Indian firms are expected to announce a sharp rise in profits when the quarterly reporting season kicks off this week, aided by improving business and a low base from the depths of the financial crisis.
The 30 companies that make up Mumbai’s benchmark Sensex index are forecast to announce a year-on-year increase in net profit of between 15 percent and 20 percent for the quarter ending last month, analysts said.
“We have definitely turned the corner. Earnings will be robust, aided by the low base effect of the December 2008 quarter,” said Hitesh Agrawal, head of research at Mumbai’s Angel Broking.
India’s economy grew by a faster-than-expected 7.9 percent in the three months to September, picking up pace from the previous quarter when it expanded by 6.1 percent.
“Demand across sectors is picking up and business confidence is high. The economy has been boosted by foreign capital inflows and government stimulus packages,” said Jigar Shah, senior vice president of Kim Eng Securities India.
Infosys Technologies, the Bangalore-based pioneer of India’s flagship software sector, announces its profits tomorrow, the first index heavyweight to report its earnings.

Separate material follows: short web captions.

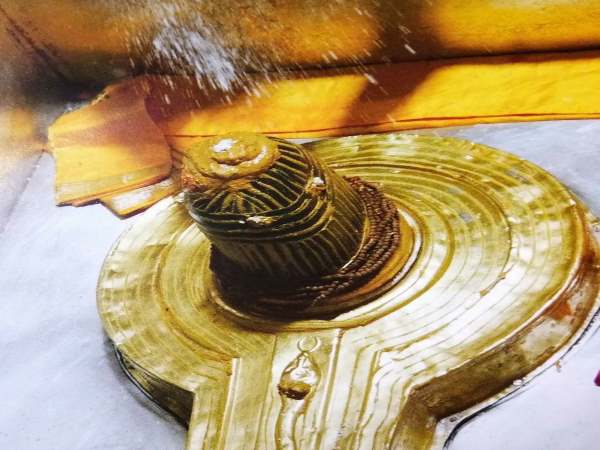 सावन का तीसरा सोमवार: महादेव की भक्ति के लिए देवता दे रहे हैं शक्ति सावन का तीसरा सोमवार: महादेव की भक्ति के लिए देवता दे रहे हैं शक्ति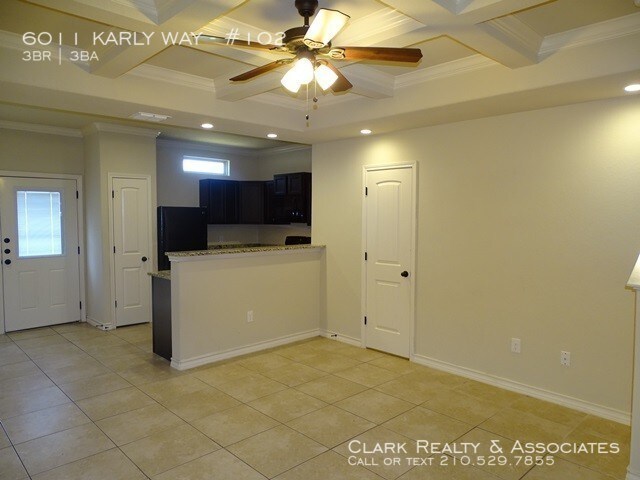 Foto del edificio - 6011 Karly Way #102, San Antonio, TX. 78244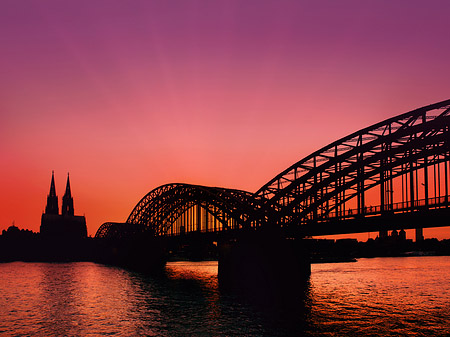 Fotos Kölner Dom hinter der Hohenzollernbrücke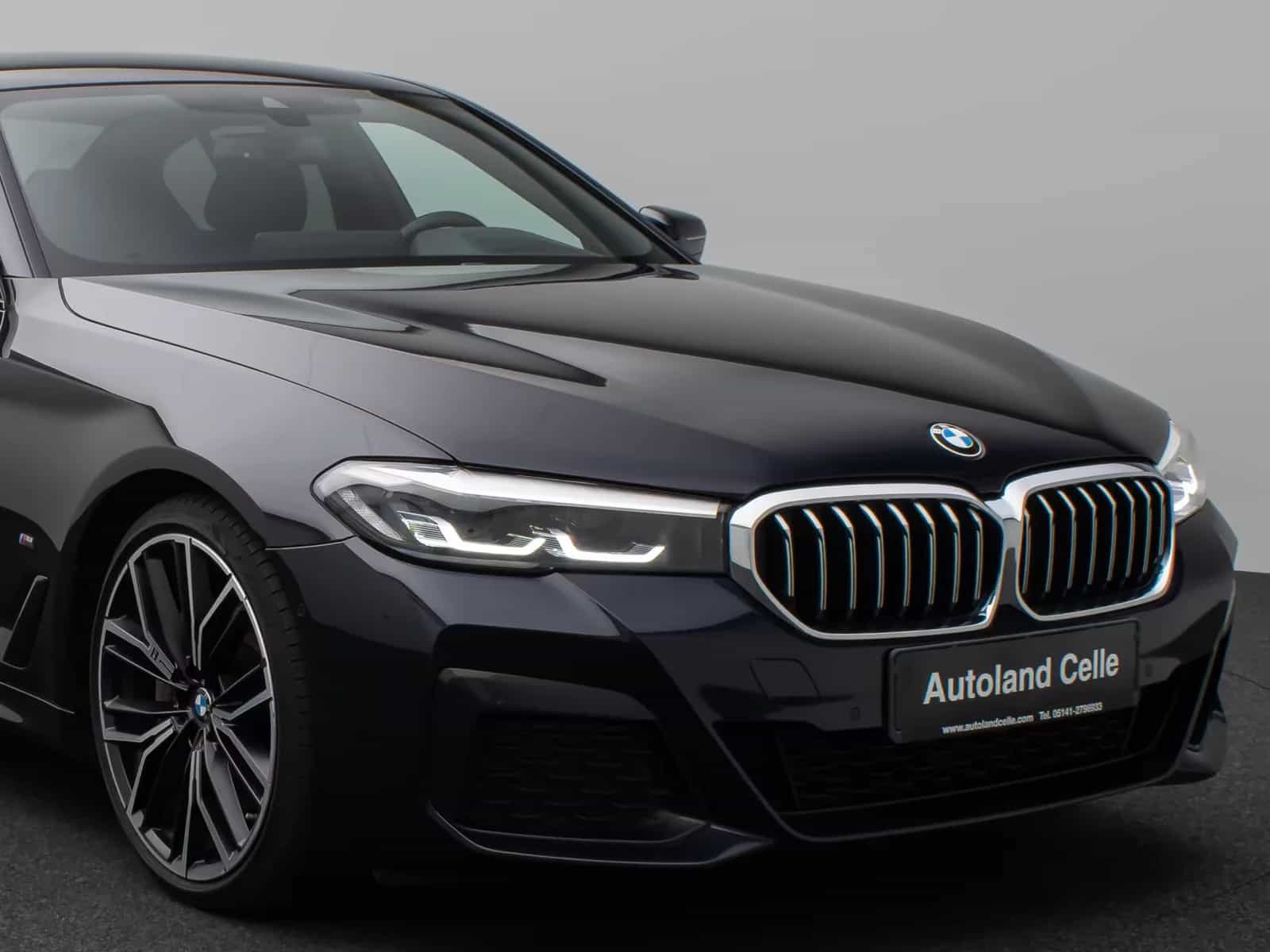 BMW 5 Series 06/2022-photo-15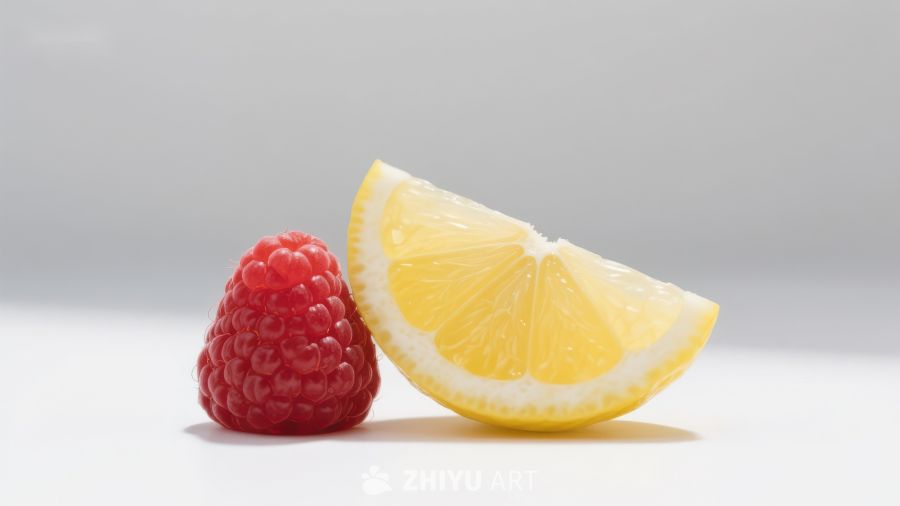 新鲜覆盆子与柠檬片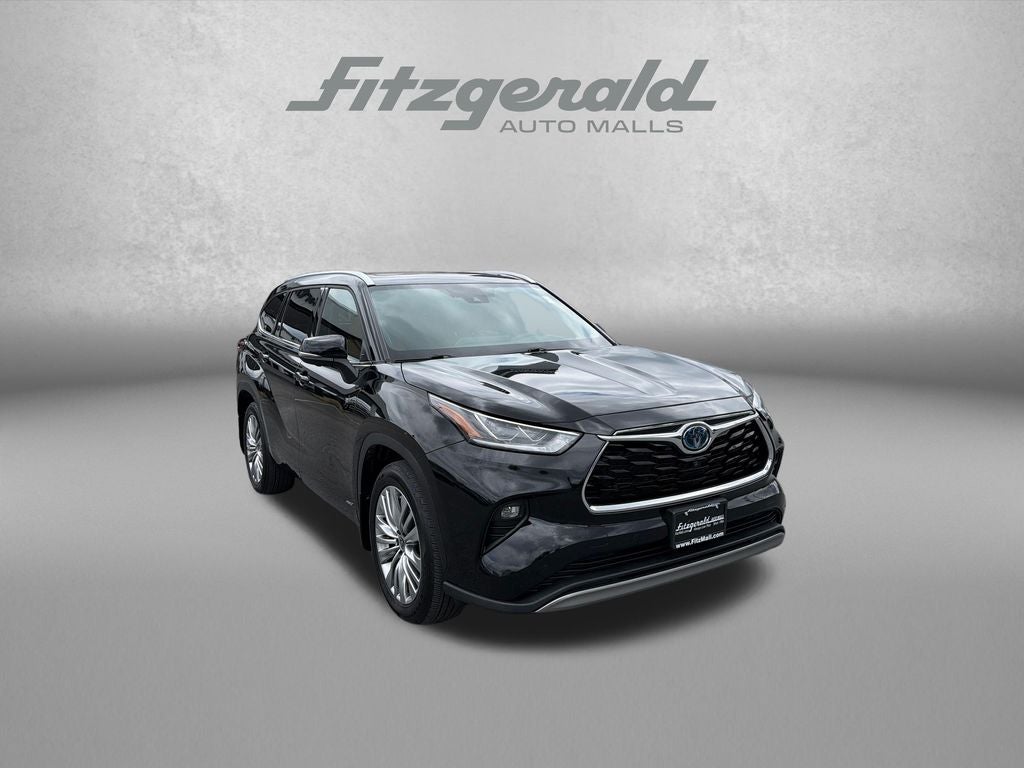 2024 Toyota Highlander Hybrid Platinum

TCS, the largest software exporter, announces its earnings on Friday and rival Bangalore-based Wipro on Jan. 20.
India’s largest oil exploration firm, Oil and Natural Gas Corp (ONGC), takes its turn on Jan. 21 and the country’s largest passenger car maker, Maruti Suzuki India, will be center stage on Jan. 23.
The improved business sentiment in India is reflected in the Mumbai stock exchange, which vaulted by 80 percent last year — its biggest annual gain in 18 years — after it had declined 52 percent in full-year 2008.
Such has been the force of the revival that India’s government and central bank now face a tricky balancing act in fighting inflation and keeping economic recovery on track.
Analysts say that any monetary policy action in coming months is likely to be mild to avoid snuffing out the recovery.
“The RBI [Reserve Bank of India] could make a ‘calibrated exit’ from the current overtly accommodative monetary policy,” Edelweiss Securities analyst Siddharth Sanyal said in a latest report to clients.
A hike in rates or the cash reserve ratio — the amount that commercial banks have to keep aside as deposit — would take place during the first quarter of this calendar year, the Edelweiss report said.
Indian Finance Minister Pranab Mukherjee said last month that he expected India to grow between 7.5 and 8 percent for the year to March.
Shah and Agrawal said the recovery would mean Indian companies had to cope with rising input costs from metals, commodities, fuel prices and financing — if the expected tightening of monetary policy materializes.
“Companies have to get proactive as input costs will start to rise,” Agrawal said, forecasting Sensex companies to show a 20 percent profit growth in the three months to last month.
India was better insulated from the direct impact of the global turmoil that hit growth in 2008 and early last year because of its strong local demand base.
Sectors such as automobiles and infrastructure could report the strongest results thanks to robust domestic demand, analysts say.
The auto sector has been one of the most robust, showing record sales and export growth last year. Its growth has been fueled by new car launches and cheap finance.
Japanese-controlled Maruti Suzuki India, South Korea’s Hyundai Motor and India’s Tata Motors all announced higher sales of cars and sports utility vehicles last year.
Car sales last month leapt 40 percent from 2008 levels, industry data showed.